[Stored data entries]
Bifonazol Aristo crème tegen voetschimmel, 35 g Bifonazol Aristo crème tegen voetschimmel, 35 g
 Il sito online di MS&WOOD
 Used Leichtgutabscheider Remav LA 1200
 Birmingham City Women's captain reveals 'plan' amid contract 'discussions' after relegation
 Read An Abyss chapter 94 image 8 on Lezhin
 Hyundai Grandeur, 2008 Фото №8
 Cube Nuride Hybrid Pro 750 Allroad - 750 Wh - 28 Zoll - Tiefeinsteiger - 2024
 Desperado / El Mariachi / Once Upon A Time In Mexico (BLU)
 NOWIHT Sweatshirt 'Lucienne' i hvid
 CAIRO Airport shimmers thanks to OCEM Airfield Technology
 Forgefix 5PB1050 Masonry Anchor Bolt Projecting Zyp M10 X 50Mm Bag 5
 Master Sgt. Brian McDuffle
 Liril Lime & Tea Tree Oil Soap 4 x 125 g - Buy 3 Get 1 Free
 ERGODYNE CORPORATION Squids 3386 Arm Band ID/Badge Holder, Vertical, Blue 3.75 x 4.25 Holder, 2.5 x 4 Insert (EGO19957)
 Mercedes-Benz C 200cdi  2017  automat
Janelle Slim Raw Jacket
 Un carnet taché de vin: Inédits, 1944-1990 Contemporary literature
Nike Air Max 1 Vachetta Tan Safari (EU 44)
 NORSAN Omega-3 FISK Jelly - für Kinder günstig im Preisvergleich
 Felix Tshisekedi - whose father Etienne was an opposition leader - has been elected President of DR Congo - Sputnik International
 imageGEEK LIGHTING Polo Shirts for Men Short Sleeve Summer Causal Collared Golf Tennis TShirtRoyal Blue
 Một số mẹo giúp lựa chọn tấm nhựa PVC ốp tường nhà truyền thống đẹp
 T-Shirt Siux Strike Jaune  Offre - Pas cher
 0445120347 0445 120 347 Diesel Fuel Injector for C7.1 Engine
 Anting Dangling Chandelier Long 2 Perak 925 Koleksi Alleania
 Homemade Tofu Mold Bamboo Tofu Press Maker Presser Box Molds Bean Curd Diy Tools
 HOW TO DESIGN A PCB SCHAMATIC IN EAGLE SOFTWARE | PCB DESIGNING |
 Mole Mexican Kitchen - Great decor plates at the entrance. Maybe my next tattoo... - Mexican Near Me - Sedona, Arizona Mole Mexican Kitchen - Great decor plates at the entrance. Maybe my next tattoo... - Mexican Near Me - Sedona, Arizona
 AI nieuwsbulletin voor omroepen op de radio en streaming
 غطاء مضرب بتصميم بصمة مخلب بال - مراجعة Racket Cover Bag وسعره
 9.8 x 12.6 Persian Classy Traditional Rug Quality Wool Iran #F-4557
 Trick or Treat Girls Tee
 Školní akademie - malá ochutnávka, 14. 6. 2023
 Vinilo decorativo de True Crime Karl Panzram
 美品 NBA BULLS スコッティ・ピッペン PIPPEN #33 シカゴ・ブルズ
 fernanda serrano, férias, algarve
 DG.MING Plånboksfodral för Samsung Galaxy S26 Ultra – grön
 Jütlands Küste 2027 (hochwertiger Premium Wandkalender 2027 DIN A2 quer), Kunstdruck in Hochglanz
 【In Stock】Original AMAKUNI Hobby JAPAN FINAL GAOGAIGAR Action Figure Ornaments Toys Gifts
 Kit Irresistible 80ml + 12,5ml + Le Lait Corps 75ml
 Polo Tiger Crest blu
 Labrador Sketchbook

> **Exercise**
Your task is to reproduce the records in full, without any alteration.

> **Reply**
Bifonazol Aristo crème tegen voetschimmel, 35 g Bifonazol Aristo crème tegen voetschimmel, 35 g
 Il sito online di MS&WOOD
 Used Leichtgutabscheider Remav LA 1200
 Birmingham City Women's captain reveals 'plan' amid contract 'discussions' after relegation
 Read An Abyss chapter 94 image 8 on Lezhin
 Hyundai Grandeur, 2008 Фото №8
 Cube Nuride Hybrid Pro 750 Allroad - 750 Wh - 28 Zoll - Tiefeinsteiger - 2024
 Desperado / El Mariachi / Once Upon A Time In Mexico (BLU)
 NOWIHT Sweatshirt 'Lucienne' i hvid
 CAIRO Airport shimmers thanks to OCEM Airfield Technology
 Forgefix 5PB1050 Masonry Anchor Bolt Projecting Zyp M10 X 50Mm Bag 5
 Master Sgt. Brian McDuffle
 Liril Lime & Tea Tree Oil Soap 4 x 125 g - Buy 3 Get 1 Free
 ERGODYNE CORPORATION Squids 3386 Arm Band ID/Badge Holder, Vertical, Blue 3.75 x 4.25 Holder, 2.5 x 4 Insert (EGO19957)
 Mercedes-Benz C 200cdi  2017  automat
Janelle Slim Raw Jacket
 Un carnet taché de vin: Inédits, 1944-1990 Contemporary literature
Nike Air Max 1 Vachetta Tan Safari (EU 44)
 NORSAN Omega-3 FISK Jelly - für Kinder günstig im Preisvergleich
 Felix Tshisekedi - whose father Etienne was an opposition leader - has been elected President of DR Congo - Sputnik International
 imageGEEK LIGHTING Polo Shirts for Men Short Sleeve Summer Causal Collared Golf Tennis TShirtRoyal Blue
 Một số mẹo giúp lựa chọn tấm nhựa PVC ốp tường nhà truyền thống đẹp
 T-Shirt Siux Strike Jaune  Offre - Pas cher
 0445120347 0445 120 347 Diesel Fuel Injector for C7.1 Engine
 Anting Dangling Chandelier Long 2 Perak 925 Koleksi Alleania
 Homemade Tofu Mold Bamboo Tofu Press Maker Presser Box Molds Bean Curd Diy Tools
 HOW TO DESIGN A PCB SCHAMATIC IN EAGLE SOFTWARE | PCB DESIGNING |
 Mole Mexican Kitchen - Great decor plates at the entrance. Maybe my next tattoo... - Mexican Near Me - Sedona, Arizona Mole Mexican Kitchen - Great decor plates at the entrance. Maybe my next tattoo... - Mexican Near Me - Sedona, Arizona
 AI nieuwsbulletin voor omroepen op de radio en streaming
 غطاء مضرب بتصميم بصمة مخلب بال - مراجعة Racket Cover Bag وسعره
 9.8 x 12.6 Persian Classy Traditional Rug Quality Wool Iran #F-4557
 Trick or Treat Girls Tee
 Školní akademie - malá ochutnávka, 14. 6. 2023
 Vinilo decorativo de True Crime Karl Panzram
 美品 NBA BULLS スコッティ・ピッペン PIPPEN #33 シカゴ・ブルズ
 fernanda serrano, férias, algarve
 DG.MING Plånboksfodral för Samsung Galaxy S26 Ultra – grön
 Jütlands Küste 2027 (hochwertiger Premium Wandkalender 2027 DIN A2 quer), Kunstdruck in Hochglanz
 【In Stock】Original AMAKUNI Hobby JAPAN FINAL GAOGAIGAR Action Figure Ornaments Toys Gifts
 Kit Irresistible 80ml + 12,5ml + Le Lait Corps 75ml
 Polo Tiger Crest blu
 Labrador Sketchbook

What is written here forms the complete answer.